Qué nos queda sino el recurso a la pataleta al ver a nuestros más o menos engolados dirigentes rasgarse las vestiduras con la boca pequeña ante las atrocidades que sufrió un periodista saudí que fue a recoger unos papeles al consulado de su país en Estambul y salió hecho pedacitos. Todo por criticar a un régimen que bombardea a saco en Yemen, que hace hechos cotidianos de las decapitaciones, flagelaciones y diversos tipos de torturas, y que financia el terrorismo yihadista. Un gigante con chilaba al que se le salen la sangre y el petróleo por las orejas y al que no le tose ni el ilustre inquilino de la Casa Blanca que lo mismo juguetea a la guerra nuclear con Moscú que a la comercial con Pekín.

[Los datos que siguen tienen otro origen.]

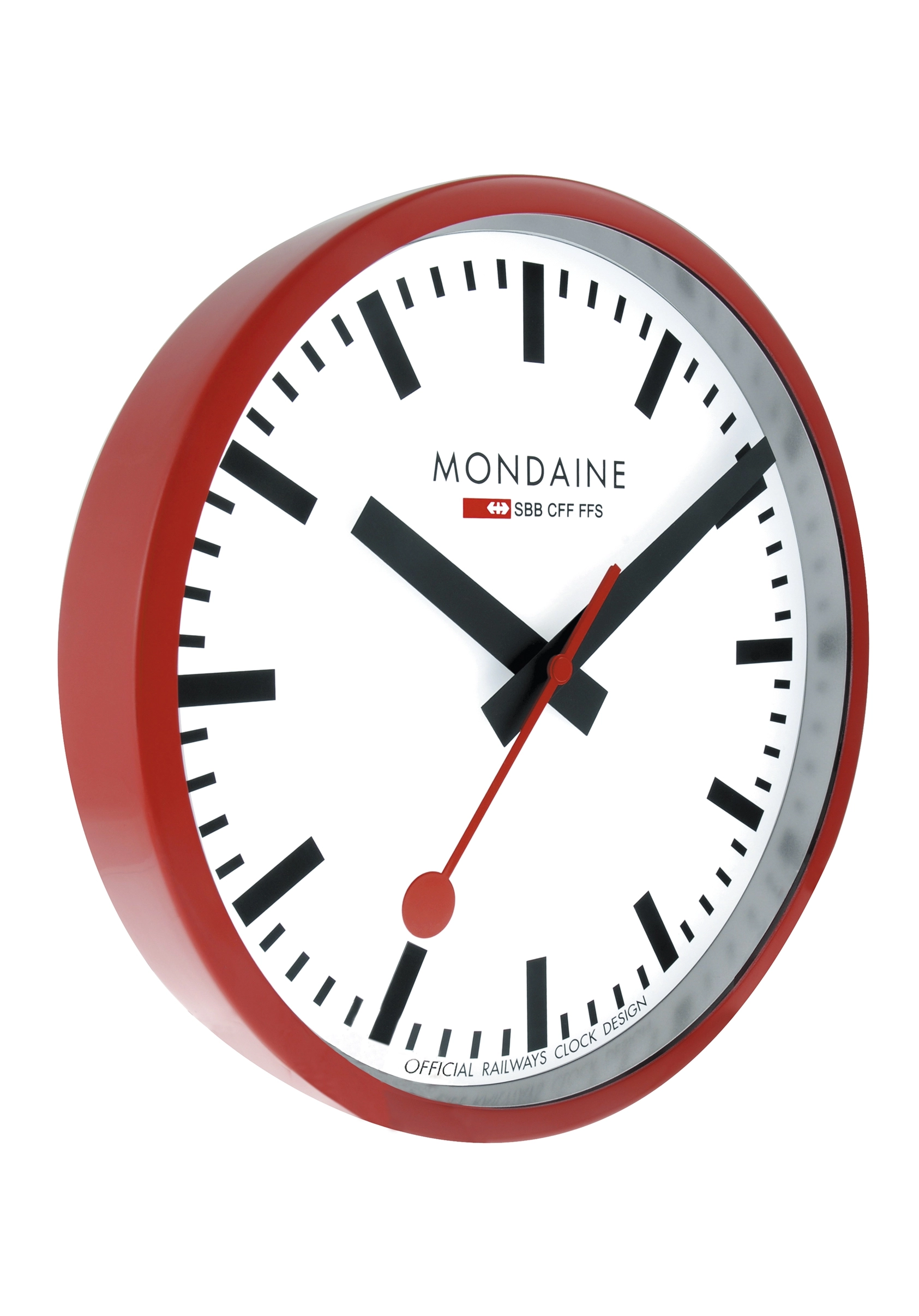 Mondaine Wanduhr 25cm A990.CLOCK.11SBC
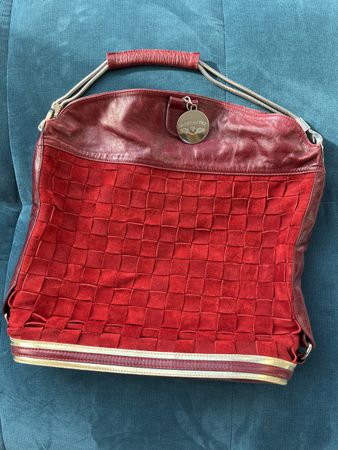 Ledertasche von Queen & Cult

La hipocresía consiste en hacer pasar una repugnante trola por una bonita verdad. Es el pariente pobre del cinismo, mucho más sofisticado y, por tanto, mejor visto: el arte de mentir a sabiendas de que todos los que asienten son conscientes del engaño. Es muy lindo y resultón llenarse la boca de compromisos éticos hasta la gazmoñería, pero también estaría muy feo hasta lo horrendo comportarse como un psicópata sin corazón ajeno al dolor ajeno y dejar en la estacada a los miles de trabajadores que se quedarían cruzados de brazos si se rompiera la baraja con el rey de Arabia Saudí, Salman bin Abdelaziz, y con el príncipe heredero, Mohamed bin Salman. Gente, eso sí, refinada, que ha enviado sus condolencias a un hijo de Jamal Khashoggi, un periodista que pagó cara su osada crítica desde el exilio a esos sátrapas tocados, muy tocados, con turbante.

Achicando agua del mar de injusticias con el agua al cuello nos topamos ahora con las vergüenzas del Supremo por los suelos tras alzar la voz a la banca, que con dos telefonazos ha dejado claro quién manda aquí allá y hasta en el más allá. La crisis aglutinó a los indignados, pero el miedo, la gran divisa de los trabajadores hipotecados, no nos da más para que acojonarnos y ser un poco más cínicos braceando entre cantos de sirenas.